Items from a data source
##########
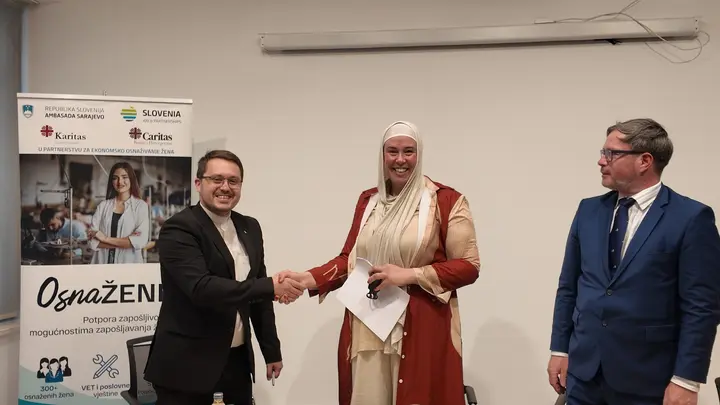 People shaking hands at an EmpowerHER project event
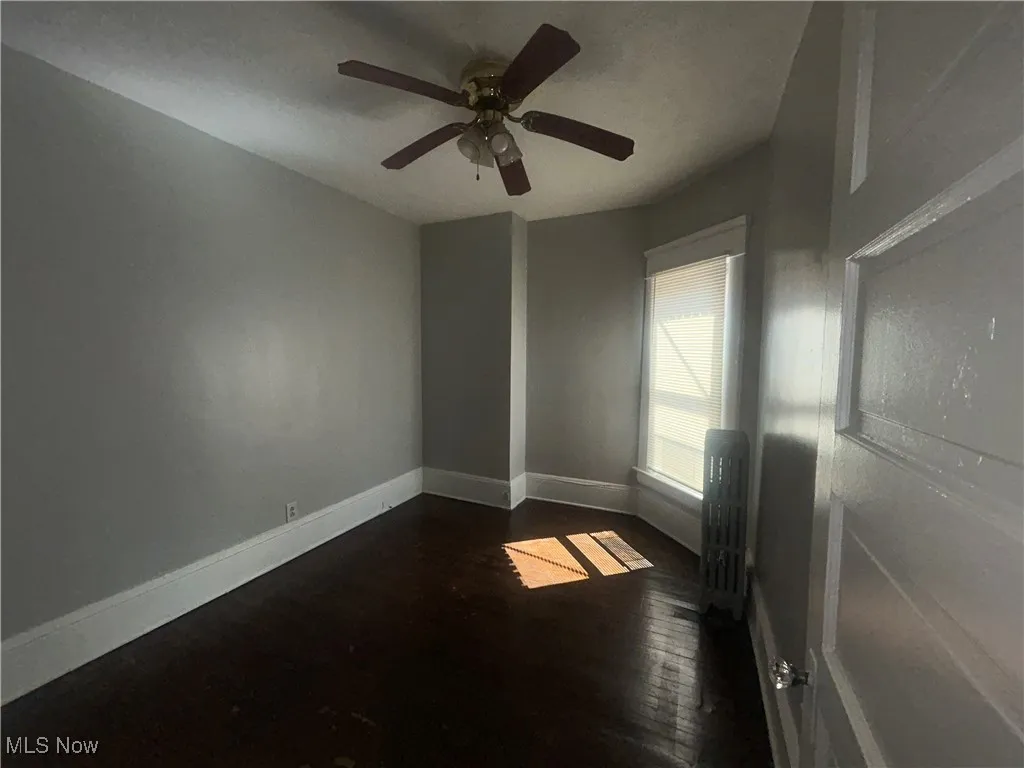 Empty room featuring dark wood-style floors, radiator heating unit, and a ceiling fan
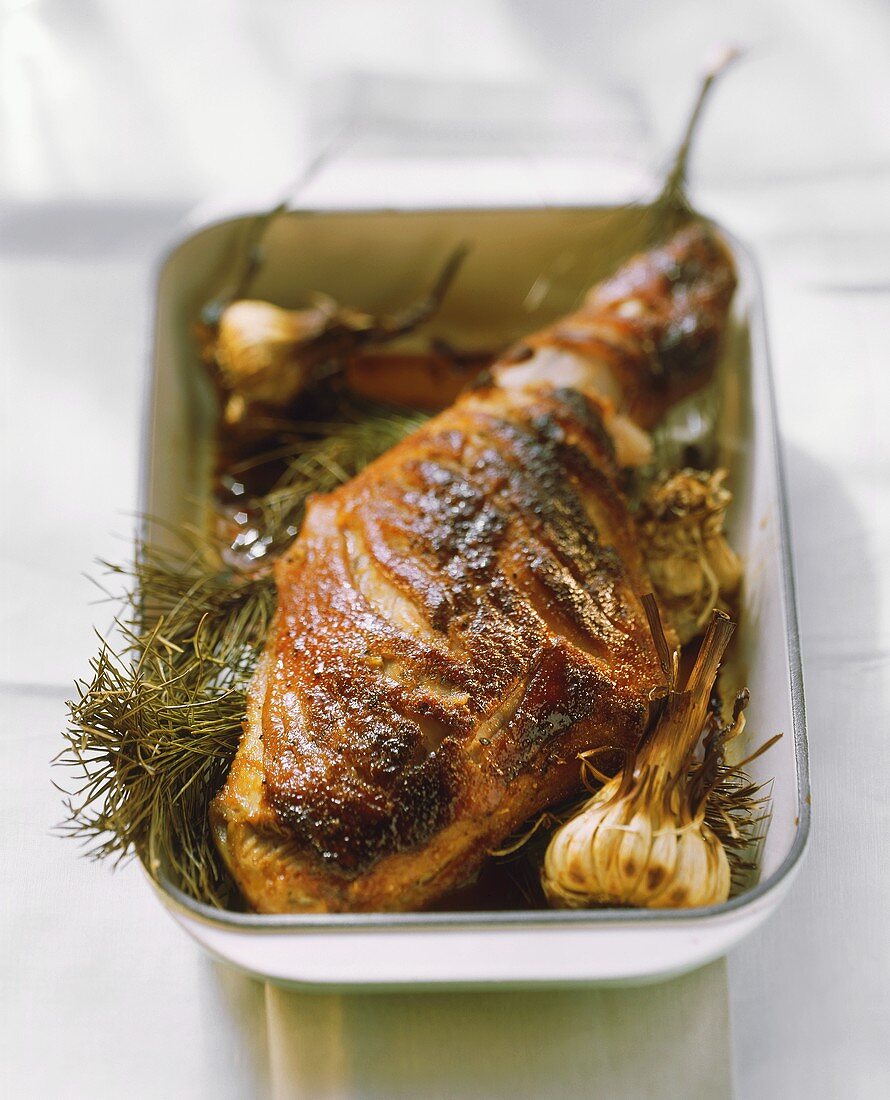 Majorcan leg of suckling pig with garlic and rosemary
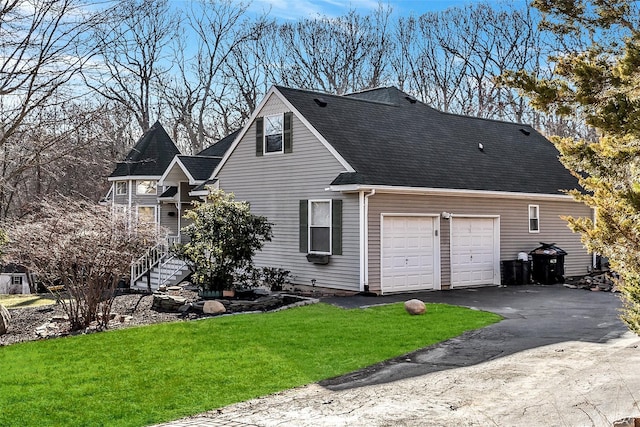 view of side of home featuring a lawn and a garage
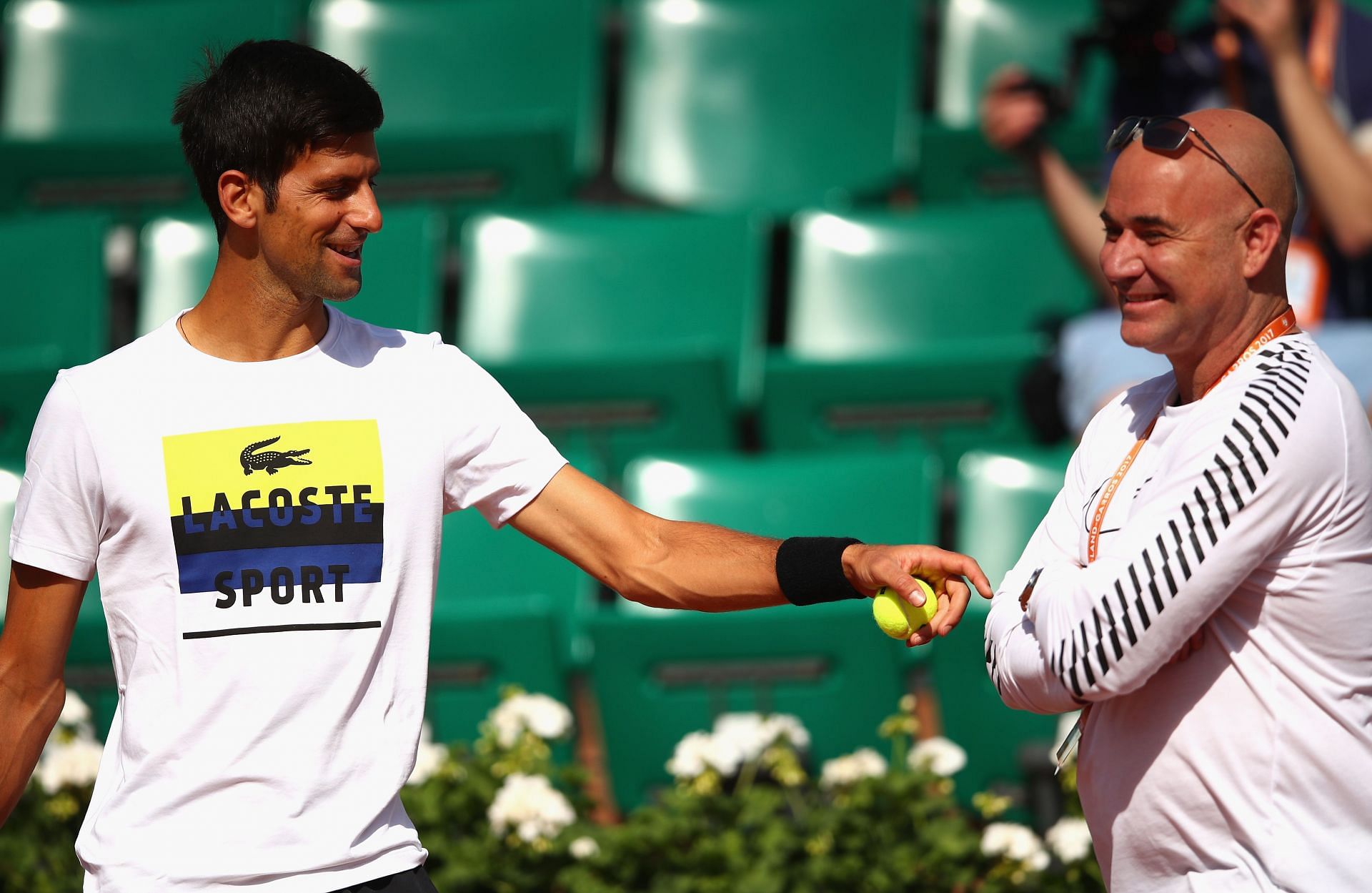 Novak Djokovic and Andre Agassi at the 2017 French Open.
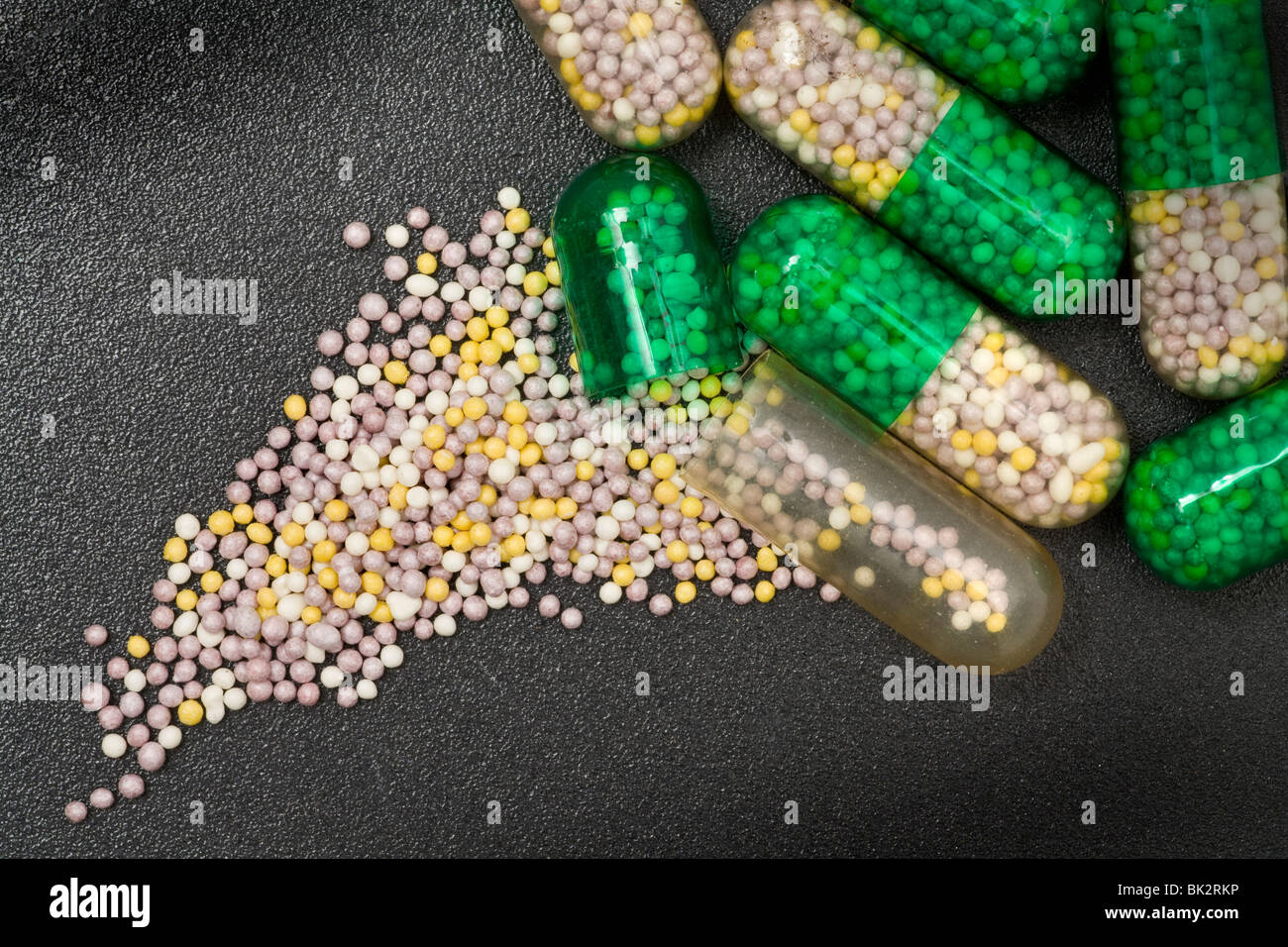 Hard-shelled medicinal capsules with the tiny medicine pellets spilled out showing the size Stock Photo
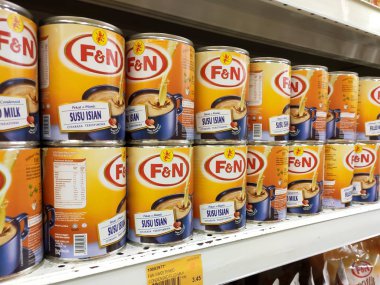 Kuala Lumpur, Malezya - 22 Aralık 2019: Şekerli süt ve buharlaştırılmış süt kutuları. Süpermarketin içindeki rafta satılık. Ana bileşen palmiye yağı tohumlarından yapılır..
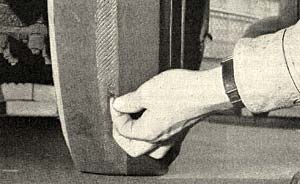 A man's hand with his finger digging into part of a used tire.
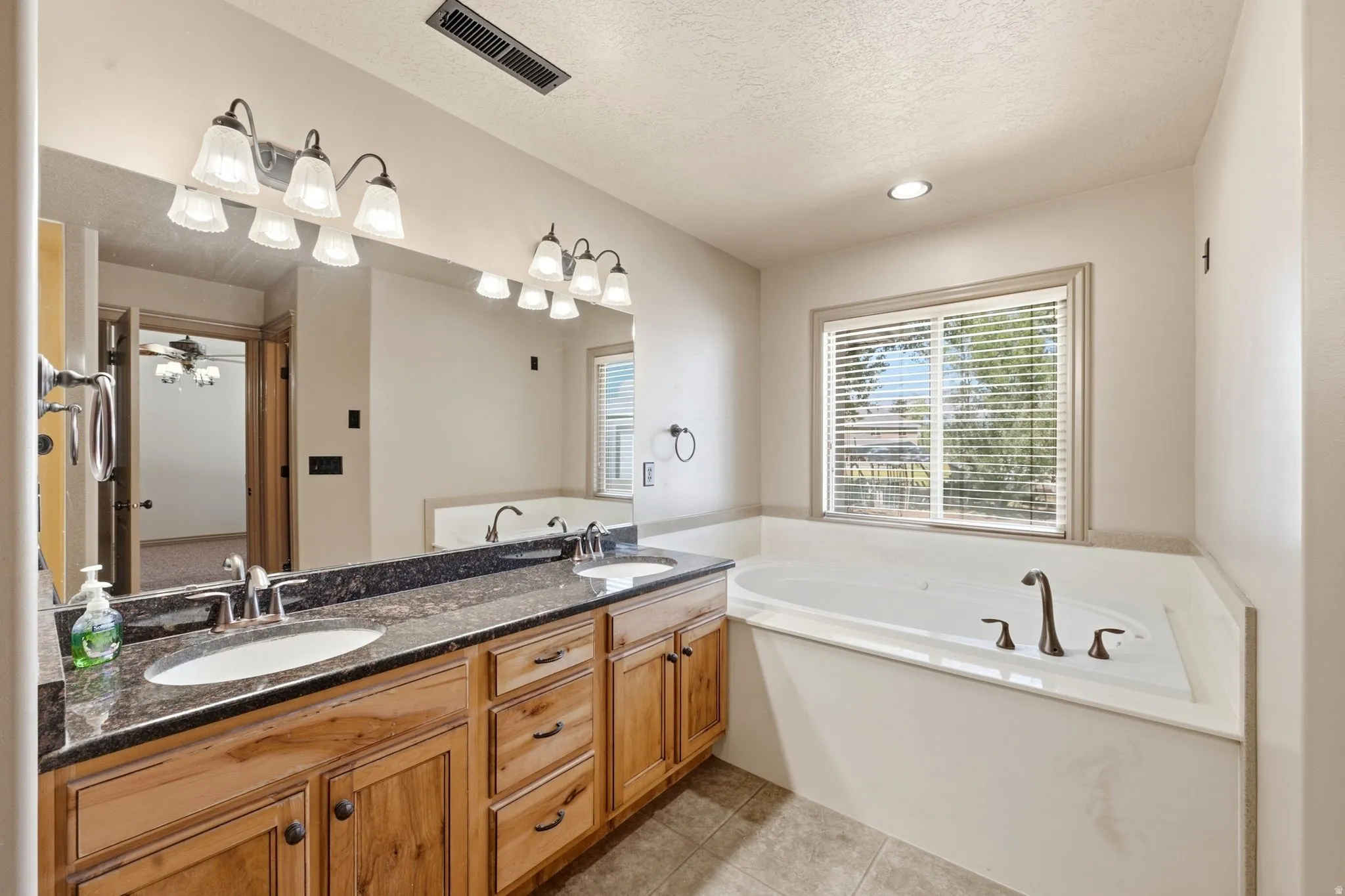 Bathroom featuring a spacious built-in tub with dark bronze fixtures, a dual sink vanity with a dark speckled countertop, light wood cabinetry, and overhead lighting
##########
▶ WORK TASK:
Leaving out the pictures, return exactly the lines from the one that contains "Hard-shelled medicinal capsules" through the last line of the records above, inclusive.

▶ SOLUTION TO THIS TASK:
 Hard-shelled medicinal capsules with the tiny medicine pellets spilled out showing the size Stock Photo
 Kuala Lumpur, Malezya - 22 Aralık 2019: Şekerli süt ve buharlaştırılmış süt kutuları. Süpermarketin içindeki rafta satılık. Ana bileşen palmiye yağı tohumlarından yapılır..
 A man's hand with his finger digging into part of a used tire.
 Bathroom featuring a spacious built-in tub with dark bronze fixtures, a dual sink vanity with a dark speckled countertop, light wood cabinetry, and overhead lighting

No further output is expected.